A trendpiece’s worth of baseball games have already been canceled this season because of inclement/completely seasonal weather, and also because of a hole in the Blue Jays’ roof. Jackie Robinson Day as well as the Red Sox’s Marathon Monday were hamstrung by poor playing conditions. Cubs first baseman Anthony Rizzo, among others, thinks it’s dumb to have the season start when some parts of the country still aren’t warm, and he’d be willing to take a pay cut for a shorter schedule.
“I think we play too much baseball,” Rizzo said Tuesday during his weekly appearance on ESPN 1000. “Yes, guys are going to take pay cuts. But are we playing this game for the money or do we love this game? I know it’s both, but in the long run it will make everything better.”
Even if it makes sense to shorten baseball seasons—and it does, just as it makes sense to cut the NBA season by 10 games or end Thursday NFL games—it won’t happen, and that’s because of money. Owners will not sacrifice revenue even if it means improving the quality of the season, and even if the players made enough of a stink about it to catalyze some change, they’d have to make concessions elsewhere to make up for that lost revenue. That doesn’t mean Rizzo’s thoughts aren’t valuable, however. He actually had a better, more detailed idea on how to play a full season without cutting down games:
“I think playing in the cold sucks,” Rizzo said. “I was thinking about this the other day. When you think of Cubs and Cardinals, you think of a beautiful Saturday at Wrigley Field. You don’t think about playing in 20 degrees.”
Even if the season isn’t shortened, Rizzo sees no reason it has to start so early.
“In a perfect world, we’d start the season later and play a few scheduled doubleheaders going into an off day,” he said. “As a fan you’re going to a baseball game in April, and it’s raining, snowing and [with] freezing rain. Is it really that much fun? That’s my question.”
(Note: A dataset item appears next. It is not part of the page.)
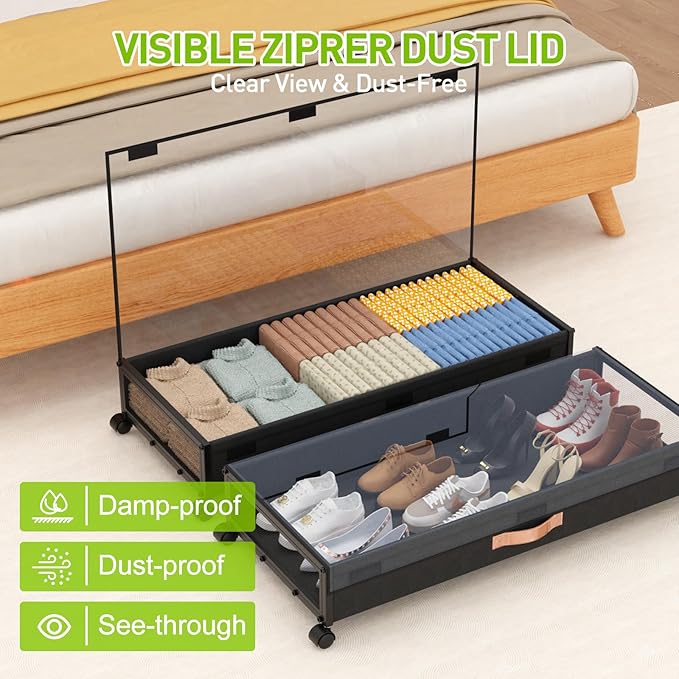 Under Bed Storage with Wheels,2-Pack Under Bed Storage Containers with Clear Lids, XXL 70L Under the bed storage Organizer Bins,Rolling Under Bed Metal Drawer for Clothes,Shoes (36"x16.6"x7.28")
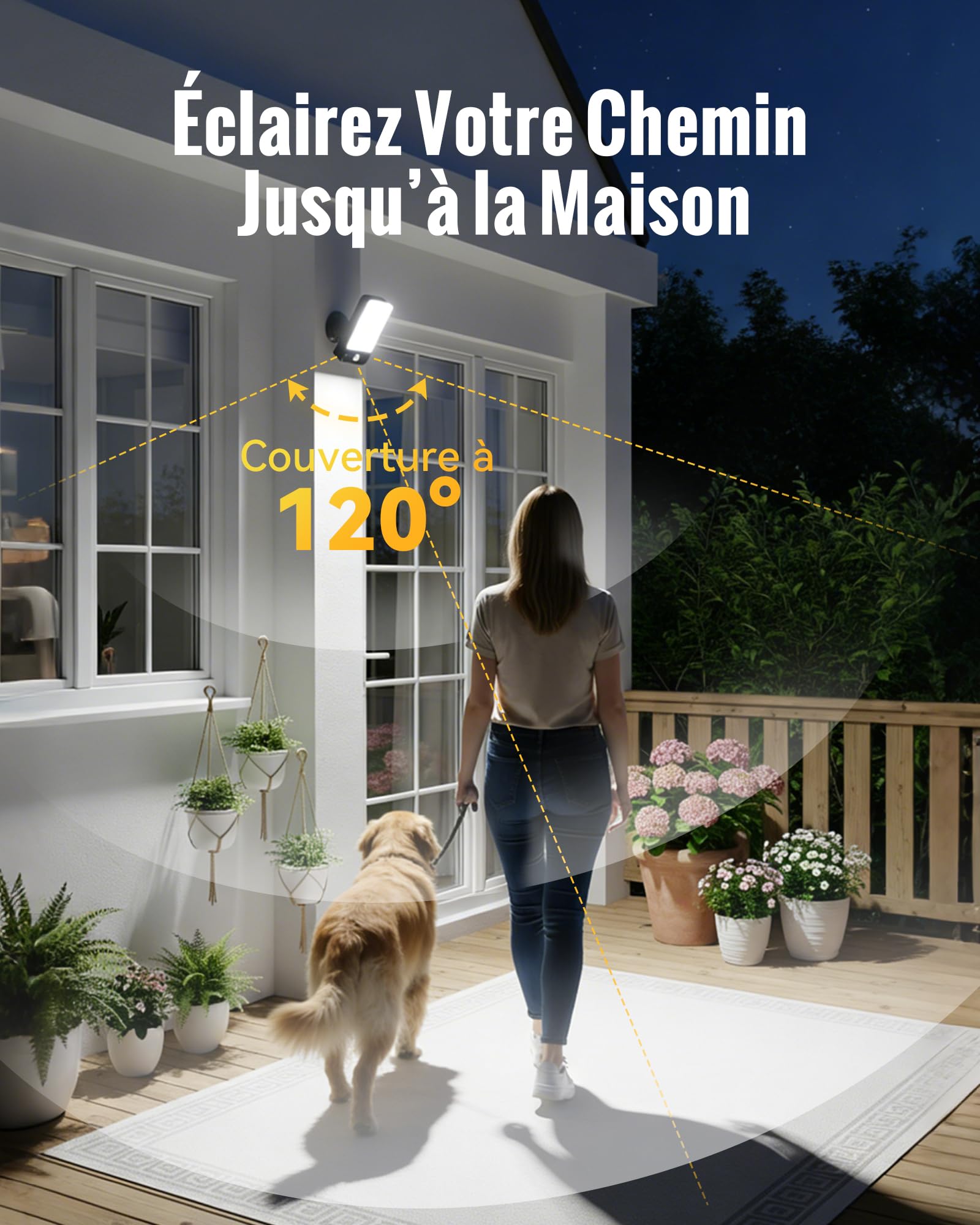 2X Applique Murale Exterieur Detecteur de Mouvement Lampe Exterieur Murale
This seems like a good idea! Doubleheaders wouldn’t significantly increase the physical toll on players, and the off-days would be valuable. It might also help to modify the beginning of the schedule such that teams based in colder cities play against teams in warmer ones, or in domed stadiums. Home runs do look cool in the snow, but no one wants to watch or play baseball in cold weather.